ENTRIES SUPPLIED >>

- - - - - - -

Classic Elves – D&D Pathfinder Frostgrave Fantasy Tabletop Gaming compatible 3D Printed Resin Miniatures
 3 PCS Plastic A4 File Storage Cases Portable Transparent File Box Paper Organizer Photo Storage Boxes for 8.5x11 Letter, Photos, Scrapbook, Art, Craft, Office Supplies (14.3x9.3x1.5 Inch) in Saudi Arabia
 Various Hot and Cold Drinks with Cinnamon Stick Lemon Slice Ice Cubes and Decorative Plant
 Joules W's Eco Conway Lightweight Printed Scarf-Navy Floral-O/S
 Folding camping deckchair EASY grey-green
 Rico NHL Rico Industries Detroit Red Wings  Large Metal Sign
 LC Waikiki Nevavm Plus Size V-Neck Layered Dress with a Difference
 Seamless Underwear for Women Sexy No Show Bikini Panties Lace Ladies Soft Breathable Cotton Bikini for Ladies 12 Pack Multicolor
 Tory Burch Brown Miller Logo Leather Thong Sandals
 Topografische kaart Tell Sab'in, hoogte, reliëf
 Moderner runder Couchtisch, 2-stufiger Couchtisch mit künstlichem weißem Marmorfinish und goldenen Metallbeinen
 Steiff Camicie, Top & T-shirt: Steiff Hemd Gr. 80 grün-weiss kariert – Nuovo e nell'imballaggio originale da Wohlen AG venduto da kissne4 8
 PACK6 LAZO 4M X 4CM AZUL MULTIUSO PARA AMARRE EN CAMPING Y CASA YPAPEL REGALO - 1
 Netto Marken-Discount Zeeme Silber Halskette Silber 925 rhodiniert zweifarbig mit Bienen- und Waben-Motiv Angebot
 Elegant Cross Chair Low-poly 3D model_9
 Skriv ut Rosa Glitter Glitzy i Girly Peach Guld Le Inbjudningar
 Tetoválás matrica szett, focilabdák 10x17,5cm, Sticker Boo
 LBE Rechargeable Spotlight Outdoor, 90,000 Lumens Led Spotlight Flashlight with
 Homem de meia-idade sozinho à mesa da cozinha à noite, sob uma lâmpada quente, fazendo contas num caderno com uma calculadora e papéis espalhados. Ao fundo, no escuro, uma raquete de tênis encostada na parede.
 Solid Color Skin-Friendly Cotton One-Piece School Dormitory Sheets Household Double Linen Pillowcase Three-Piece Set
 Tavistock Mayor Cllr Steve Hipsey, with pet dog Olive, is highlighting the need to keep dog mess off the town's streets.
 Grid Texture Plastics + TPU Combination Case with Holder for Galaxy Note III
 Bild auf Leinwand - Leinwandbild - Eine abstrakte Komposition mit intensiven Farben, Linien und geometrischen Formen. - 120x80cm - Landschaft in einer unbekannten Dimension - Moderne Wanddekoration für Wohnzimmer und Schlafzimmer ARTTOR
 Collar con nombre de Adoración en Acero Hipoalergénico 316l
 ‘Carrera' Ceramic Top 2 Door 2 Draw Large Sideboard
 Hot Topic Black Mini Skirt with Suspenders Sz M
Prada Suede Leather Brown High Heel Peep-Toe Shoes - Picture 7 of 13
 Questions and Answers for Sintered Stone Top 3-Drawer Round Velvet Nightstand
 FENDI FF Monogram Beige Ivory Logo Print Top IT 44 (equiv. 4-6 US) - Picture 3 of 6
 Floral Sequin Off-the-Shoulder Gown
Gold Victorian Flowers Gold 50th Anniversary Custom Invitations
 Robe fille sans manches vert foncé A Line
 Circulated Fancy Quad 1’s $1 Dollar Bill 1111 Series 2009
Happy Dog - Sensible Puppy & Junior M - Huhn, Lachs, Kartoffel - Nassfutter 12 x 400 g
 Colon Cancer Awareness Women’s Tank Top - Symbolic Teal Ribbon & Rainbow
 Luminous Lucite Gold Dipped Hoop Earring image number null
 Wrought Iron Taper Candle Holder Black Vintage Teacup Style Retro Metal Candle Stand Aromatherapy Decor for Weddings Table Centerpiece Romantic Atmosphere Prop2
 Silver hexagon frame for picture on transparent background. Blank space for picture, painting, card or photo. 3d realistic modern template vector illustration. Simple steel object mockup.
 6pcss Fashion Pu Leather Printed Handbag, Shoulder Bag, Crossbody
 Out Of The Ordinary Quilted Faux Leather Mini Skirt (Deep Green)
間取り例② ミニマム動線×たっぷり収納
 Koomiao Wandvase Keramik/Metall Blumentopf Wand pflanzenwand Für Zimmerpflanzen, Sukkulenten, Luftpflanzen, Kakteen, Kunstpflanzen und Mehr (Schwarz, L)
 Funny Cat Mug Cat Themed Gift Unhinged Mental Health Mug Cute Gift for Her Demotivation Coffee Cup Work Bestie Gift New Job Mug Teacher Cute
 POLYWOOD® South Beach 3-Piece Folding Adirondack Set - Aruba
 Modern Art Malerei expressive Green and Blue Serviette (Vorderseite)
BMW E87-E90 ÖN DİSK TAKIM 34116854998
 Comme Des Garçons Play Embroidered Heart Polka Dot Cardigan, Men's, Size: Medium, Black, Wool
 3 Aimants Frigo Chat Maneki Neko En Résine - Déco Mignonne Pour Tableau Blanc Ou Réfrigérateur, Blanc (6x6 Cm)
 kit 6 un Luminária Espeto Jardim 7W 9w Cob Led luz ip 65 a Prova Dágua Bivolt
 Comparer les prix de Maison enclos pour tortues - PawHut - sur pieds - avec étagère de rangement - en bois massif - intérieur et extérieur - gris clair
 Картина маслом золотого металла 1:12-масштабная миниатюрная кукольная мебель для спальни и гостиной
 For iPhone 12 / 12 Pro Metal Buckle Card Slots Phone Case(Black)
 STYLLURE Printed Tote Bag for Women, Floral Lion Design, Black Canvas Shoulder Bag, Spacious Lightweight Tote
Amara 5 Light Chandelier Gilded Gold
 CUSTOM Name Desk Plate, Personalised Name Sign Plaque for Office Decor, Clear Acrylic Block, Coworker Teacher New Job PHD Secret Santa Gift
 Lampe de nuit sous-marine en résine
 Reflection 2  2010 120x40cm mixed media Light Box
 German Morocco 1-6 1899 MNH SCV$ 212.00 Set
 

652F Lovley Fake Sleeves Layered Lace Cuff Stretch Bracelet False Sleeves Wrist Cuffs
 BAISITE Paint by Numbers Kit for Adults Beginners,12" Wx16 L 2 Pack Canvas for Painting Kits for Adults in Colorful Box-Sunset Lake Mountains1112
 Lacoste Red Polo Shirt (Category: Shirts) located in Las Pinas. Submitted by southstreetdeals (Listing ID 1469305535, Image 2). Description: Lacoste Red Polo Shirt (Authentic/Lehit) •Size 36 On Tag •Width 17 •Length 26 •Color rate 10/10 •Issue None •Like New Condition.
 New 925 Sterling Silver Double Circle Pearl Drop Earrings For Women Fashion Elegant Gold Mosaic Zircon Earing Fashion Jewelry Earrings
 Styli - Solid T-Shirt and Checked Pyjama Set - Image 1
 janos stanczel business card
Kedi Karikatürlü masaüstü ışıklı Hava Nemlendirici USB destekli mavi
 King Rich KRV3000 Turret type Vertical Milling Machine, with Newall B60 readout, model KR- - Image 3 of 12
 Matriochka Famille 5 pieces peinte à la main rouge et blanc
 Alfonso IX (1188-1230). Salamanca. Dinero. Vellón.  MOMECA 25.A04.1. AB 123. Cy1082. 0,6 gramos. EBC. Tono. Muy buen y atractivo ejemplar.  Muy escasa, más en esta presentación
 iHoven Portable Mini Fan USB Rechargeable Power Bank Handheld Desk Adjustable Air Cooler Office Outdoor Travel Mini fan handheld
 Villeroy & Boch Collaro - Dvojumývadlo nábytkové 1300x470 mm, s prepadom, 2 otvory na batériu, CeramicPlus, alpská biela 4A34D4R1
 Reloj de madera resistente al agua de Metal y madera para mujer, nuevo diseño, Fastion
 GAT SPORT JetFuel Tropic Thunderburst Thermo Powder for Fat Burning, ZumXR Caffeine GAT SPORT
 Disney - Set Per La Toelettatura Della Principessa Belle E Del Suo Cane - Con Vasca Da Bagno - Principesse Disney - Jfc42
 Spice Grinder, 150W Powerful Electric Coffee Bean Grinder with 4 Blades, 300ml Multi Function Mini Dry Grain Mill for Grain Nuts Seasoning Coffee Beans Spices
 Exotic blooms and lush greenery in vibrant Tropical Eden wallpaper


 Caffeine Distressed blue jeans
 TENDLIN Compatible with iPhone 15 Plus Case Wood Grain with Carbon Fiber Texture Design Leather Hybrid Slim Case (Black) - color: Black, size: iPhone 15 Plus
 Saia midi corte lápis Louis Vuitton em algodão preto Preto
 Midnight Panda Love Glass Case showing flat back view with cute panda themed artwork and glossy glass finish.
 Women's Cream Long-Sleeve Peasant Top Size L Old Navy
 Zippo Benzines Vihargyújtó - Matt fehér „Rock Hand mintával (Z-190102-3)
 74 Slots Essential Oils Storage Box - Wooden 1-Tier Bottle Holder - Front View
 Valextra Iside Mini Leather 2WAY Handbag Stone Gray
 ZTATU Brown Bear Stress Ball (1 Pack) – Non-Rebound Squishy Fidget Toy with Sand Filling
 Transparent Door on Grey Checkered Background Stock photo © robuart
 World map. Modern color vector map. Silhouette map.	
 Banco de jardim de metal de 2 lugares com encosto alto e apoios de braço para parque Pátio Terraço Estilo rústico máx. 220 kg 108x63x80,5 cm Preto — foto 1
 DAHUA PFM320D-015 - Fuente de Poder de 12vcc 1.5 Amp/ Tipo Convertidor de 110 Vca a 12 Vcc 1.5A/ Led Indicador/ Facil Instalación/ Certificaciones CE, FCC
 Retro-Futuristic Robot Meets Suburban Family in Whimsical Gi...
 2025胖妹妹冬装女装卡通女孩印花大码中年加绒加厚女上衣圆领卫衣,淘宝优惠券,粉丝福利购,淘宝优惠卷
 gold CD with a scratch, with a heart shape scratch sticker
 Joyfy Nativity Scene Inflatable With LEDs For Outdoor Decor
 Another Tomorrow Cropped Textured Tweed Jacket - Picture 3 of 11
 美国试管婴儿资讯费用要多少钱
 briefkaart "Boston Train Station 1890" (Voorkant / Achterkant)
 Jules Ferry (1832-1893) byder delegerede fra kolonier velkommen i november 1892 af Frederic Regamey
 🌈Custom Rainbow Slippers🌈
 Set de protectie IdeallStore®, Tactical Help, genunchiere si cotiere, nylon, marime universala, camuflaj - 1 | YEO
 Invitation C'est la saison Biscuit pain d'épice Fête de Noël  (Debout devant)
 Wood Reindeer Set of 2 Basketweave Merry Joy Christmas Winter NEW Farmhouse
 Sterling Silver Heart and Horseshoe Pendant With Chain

- - - - - - -

THE TASK >>
From the records above, copy each line where the word "Large" can be found.

TASK RESULT >>
 Rico NHL Rico Industries Detroit Red Wings  Large Metal Sign
 ‘Carrera' Ceramic Top 2 Door 2 Draw Large Sideboard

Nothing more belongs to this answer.